Others agree that the regime targeted Tawil, who ascended the aid agency's ranks to become an elected board member, specifically to hobble the SARC. "He's one of the people the regime will affect the entire organization by arresting," says Laila Alodaat, a former volunteer in the SARC's international humanitarian law department.

Tawil's plight reflects a stark new reality in Syria: Even purely humanitarian groups are being pressured to take sides. Aid has become one more weapon in the country's destructive civil war -- a disastrous development for Syrians in need. The SARC estimated that 2.5 million Syrians have been internally displaced by the conflict, and war-stricken cities like Aleppo and Homs have suffered from bread shortages.

The real obstacle to providing assistance inside Syria isn't a lack of resources -- it's politics. "Logistical and security-related problems -- this is the real bottleneck of our operation," said Robert Mardini, the head of Middle East operations for the International Committee of the Red Cross (ICRC). The ICRC has no direct authority over the SARC, but works with its Syrian national affiliate to deliver aid across the country.

Red Cross officials undertake endless negotiations with the Assad regime and local rebel groups in an effort to provide assistance to stricken areas. Mardini says it took "weeks and weeks" of discussions to organize a one-time aid delivery to the war-wracked neighborhoods of Khaldiyeh and Hamidieh in the city of Homs in early November. At that time, the city had been besieged by government forces for nine months.

It often falls to the ICRC to assuage suspicions that its national affiliate favors one side over the other. "Even SARC volunteers are aware of the misperception, and they are asking us to be present with them in certain locations," says Mardini. "Khaldiyeh and Hamidieh were a typical place that the SARC volunteers were very happy that the ICRC delegates were also present."
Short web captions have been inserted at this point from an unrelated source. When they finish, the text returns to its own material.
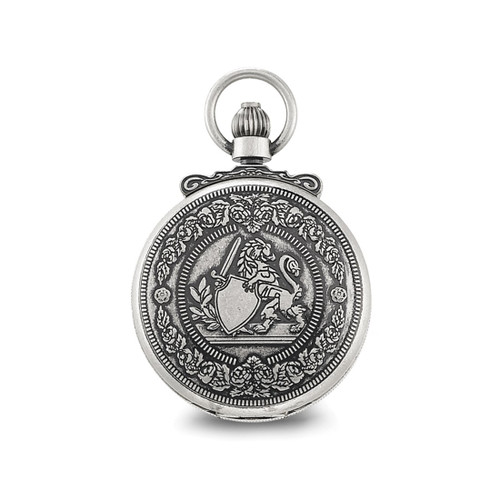 Charles Hubert Antiqued Chrome Finish Lion Crest Pocket Watch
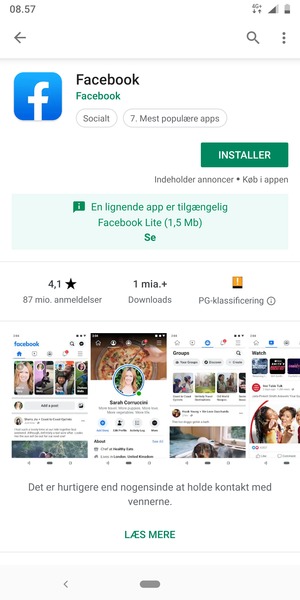 Vælg INSTALLER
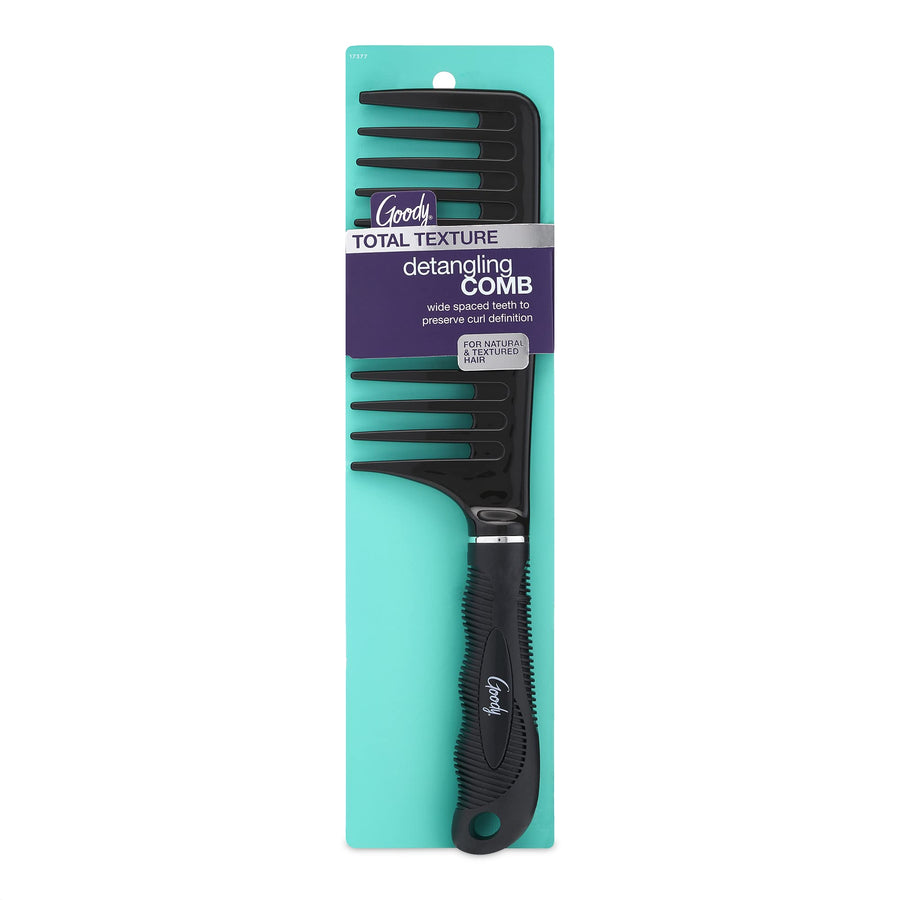 Total Texture Detangling Handle Comb, Wide Spaced Teeth Preserve Curl Definition, Pain-Free Hair Accessories for Women & Girls, Durable for Everyday and Professional Use, Black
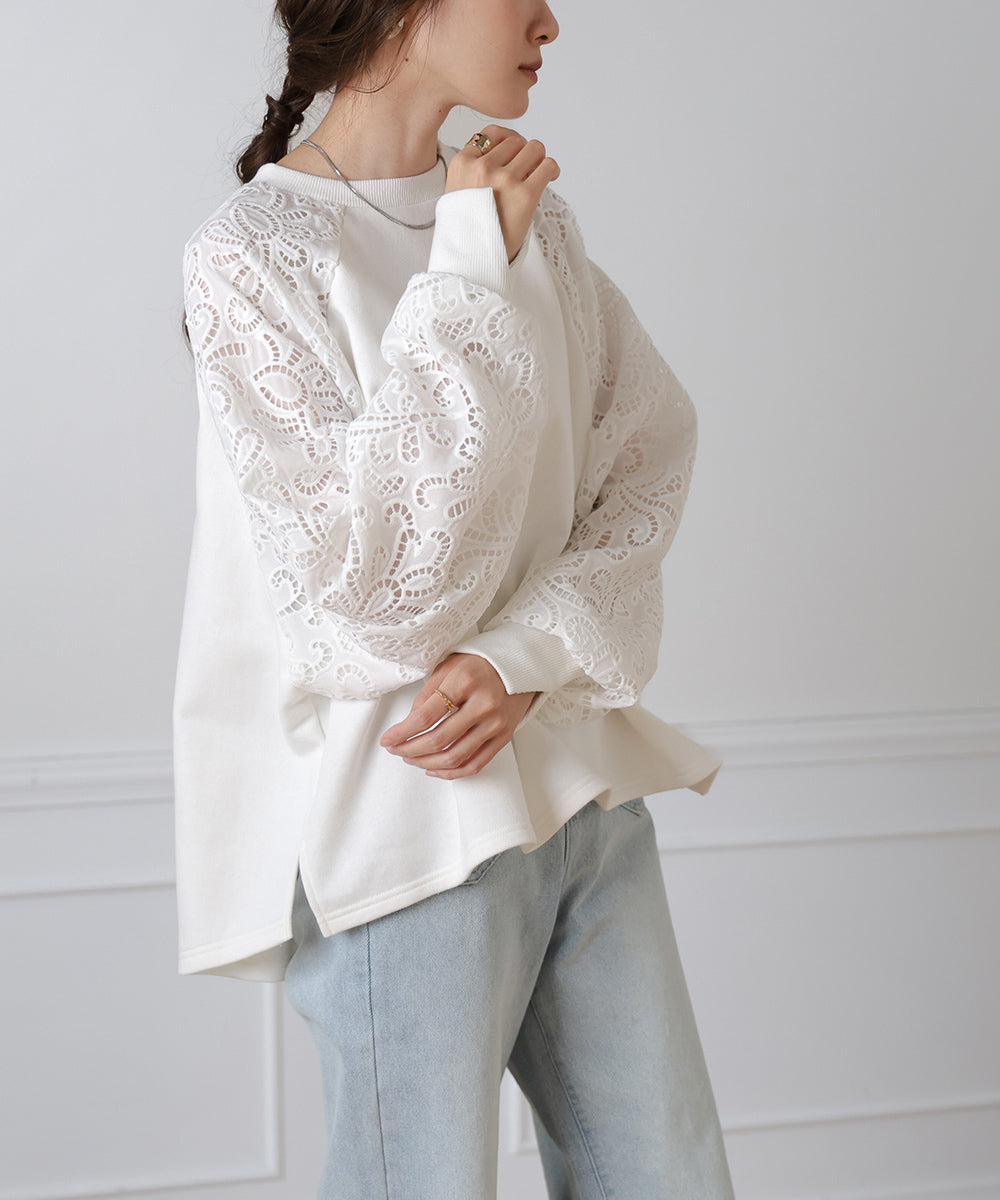 SLEEVE LACE SWEAT TOPS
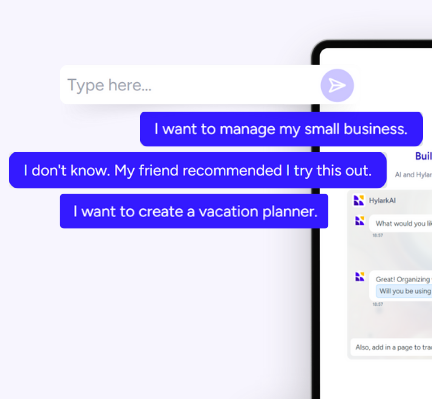 Illustration of a purple Hylark bird flying through stylized clouds on a lavender background, beside a tablet interface showcasing Hylark’s AI onboarding chat, with text prompts like “I want to manage my small business” and “I want to create a vacation planner,” promoting custom workspace creation with Hylark AI; bold header reads “Introducing Hylark: Your custom workspace made easy.”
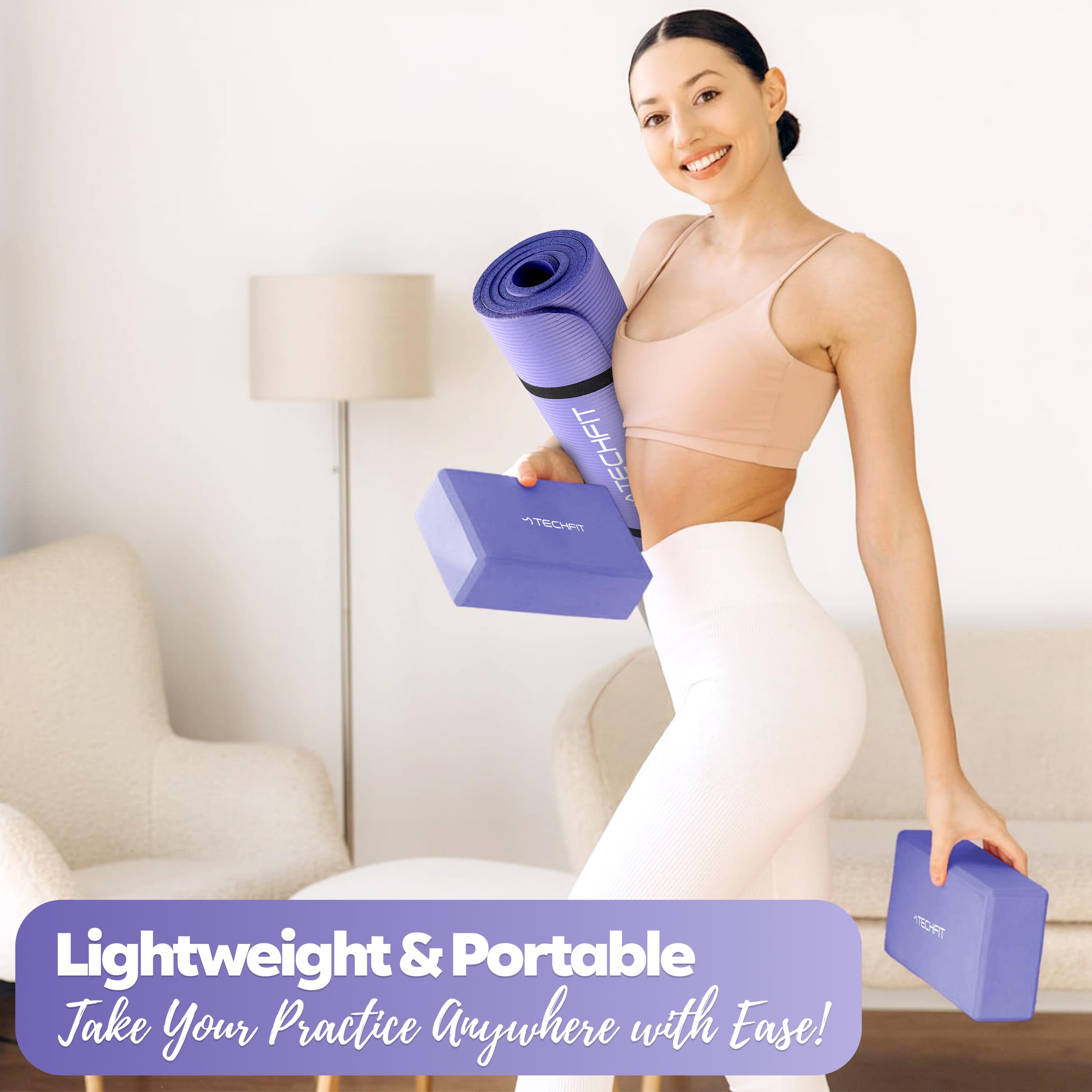 TechFit Set Blocchi Yoga, Tappetino 180x60x1 cm, Spesso Antiscivolo EVA Alta Densità 2 Mattoncini 22,5x15x7,6cm Pilates Stretching Cinghia Trasporto Ecologico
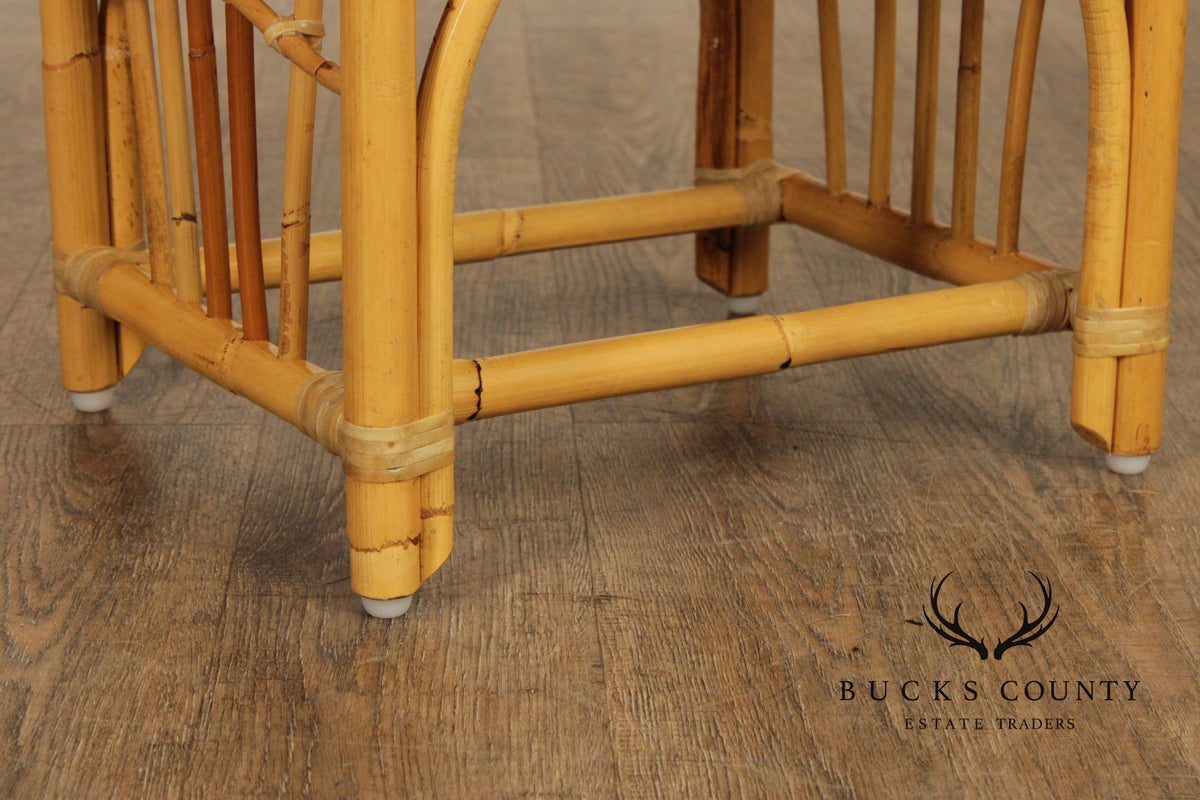 Vintage Hollywood Regency Bamboo Bench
It's when communication between aid agencies and the regime breaks down that Syrian aid workers get harassed, arrested, or worse. According to figures provided by Syrian activists, 12 SARC volunteers have been killed since the conflict began and another seven are currently being held by the Syrian government. A slew of Facebook pages have emerged to mourn the dead, and express solidarity with those imprisoned. "Before they would detain volunteers in an ambulance for a few hours, but now we are facing systematic, targeted abuse," says Alodaat.